■ DATA FOR REVIEW:

☆ ☆ ☆ ☆ ☆

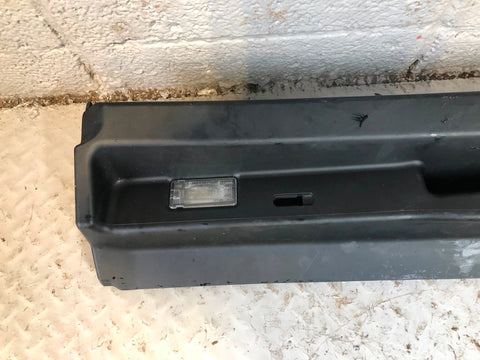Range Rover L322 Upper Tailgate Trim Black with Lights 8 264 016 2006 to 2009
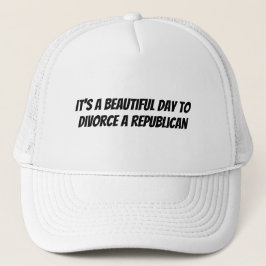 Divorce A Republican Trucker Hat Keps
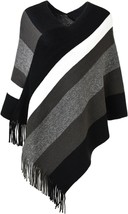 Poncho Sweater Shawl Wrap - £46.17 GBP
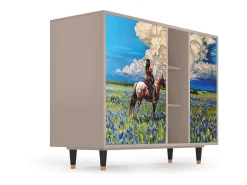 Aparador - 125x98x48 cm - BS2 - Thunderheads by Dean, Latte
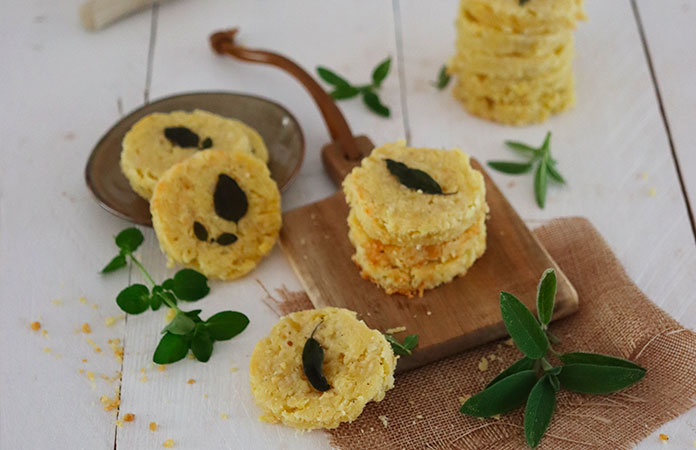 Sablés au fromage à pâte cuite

☆ ☆ ☆ ☆ ☆

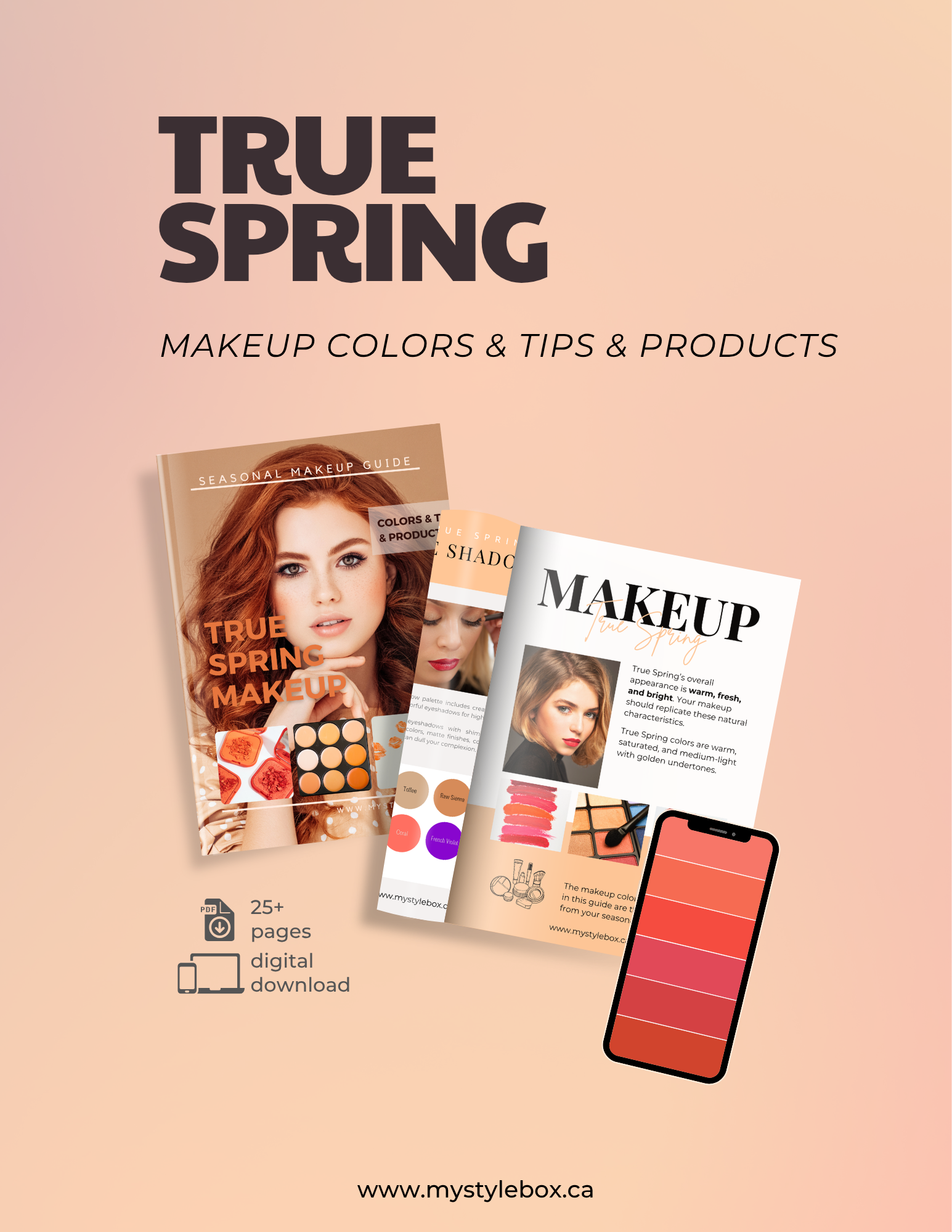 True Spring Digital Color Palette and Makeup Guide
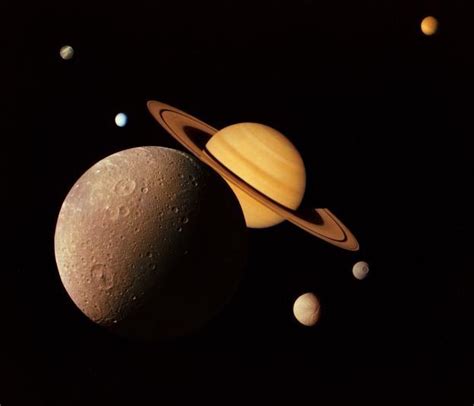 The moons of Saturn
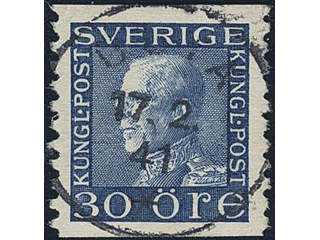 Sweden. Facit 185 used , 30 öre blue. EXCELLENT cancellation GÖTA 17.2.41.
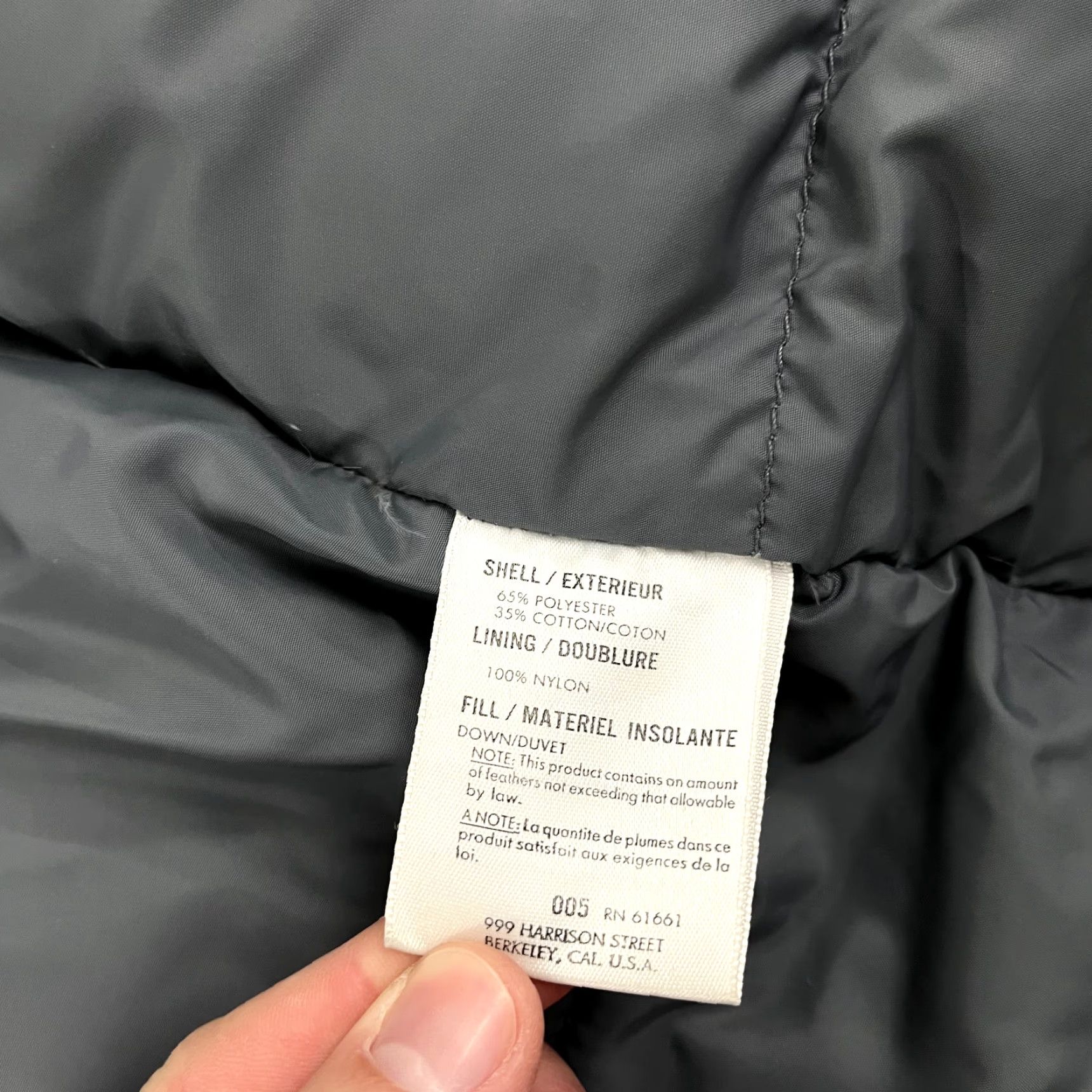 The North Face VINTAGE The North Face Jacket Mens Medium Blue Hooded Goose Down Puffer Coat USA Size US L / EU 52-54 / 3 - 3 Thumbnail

☆ ☆ ☆ ☆ ☆

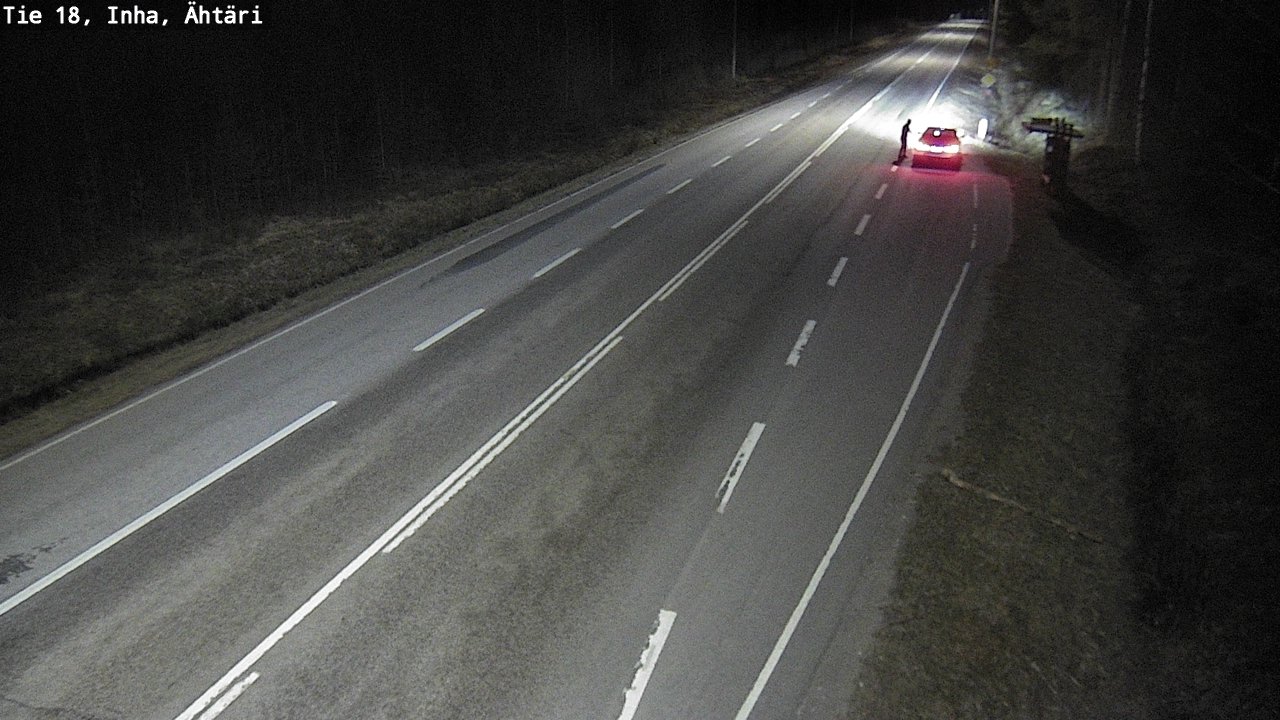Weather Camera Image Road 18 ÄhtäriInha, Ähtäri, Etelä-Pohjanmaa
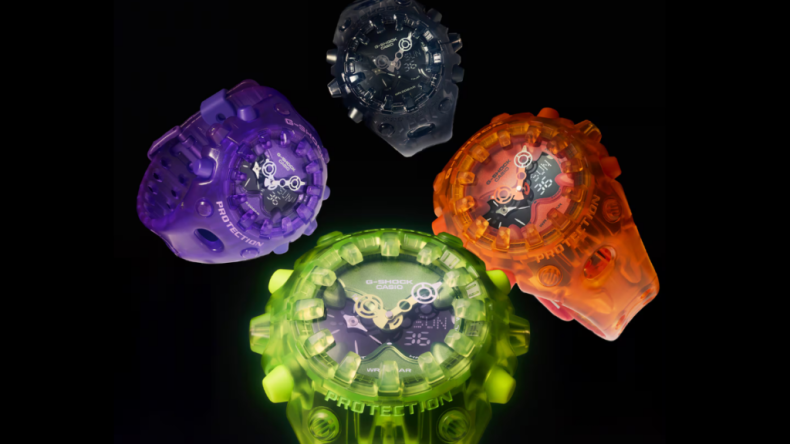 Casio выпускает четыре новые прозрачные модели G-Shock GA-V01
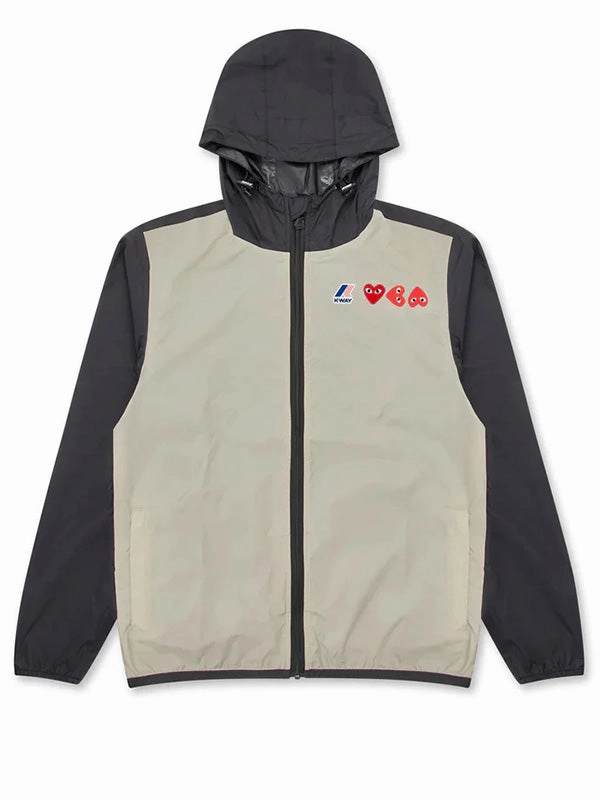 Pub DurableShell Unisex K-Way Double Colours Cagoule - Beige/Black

☆ ☆ ☆ ☆ ☆

Using the entries above, reproduce word for word only the lines from the one that contains "Range Rover L322" to the one that contains "Sablés au fromage à pâte cuite", both ends included, and drop every picture.

Range Rover L322 Upper Tailgate Trim Black with Lights 8 264 016 2006 to 2009
 Divorce A Republican Trucker Hat Keps
 Poncho Sweater Shawl Wrap - £46.17 GBP
 Aparador - 125x98x48 cm - BS2 - Thunderheads by Dean, Latte
 Sablés au fromage à pâte cuite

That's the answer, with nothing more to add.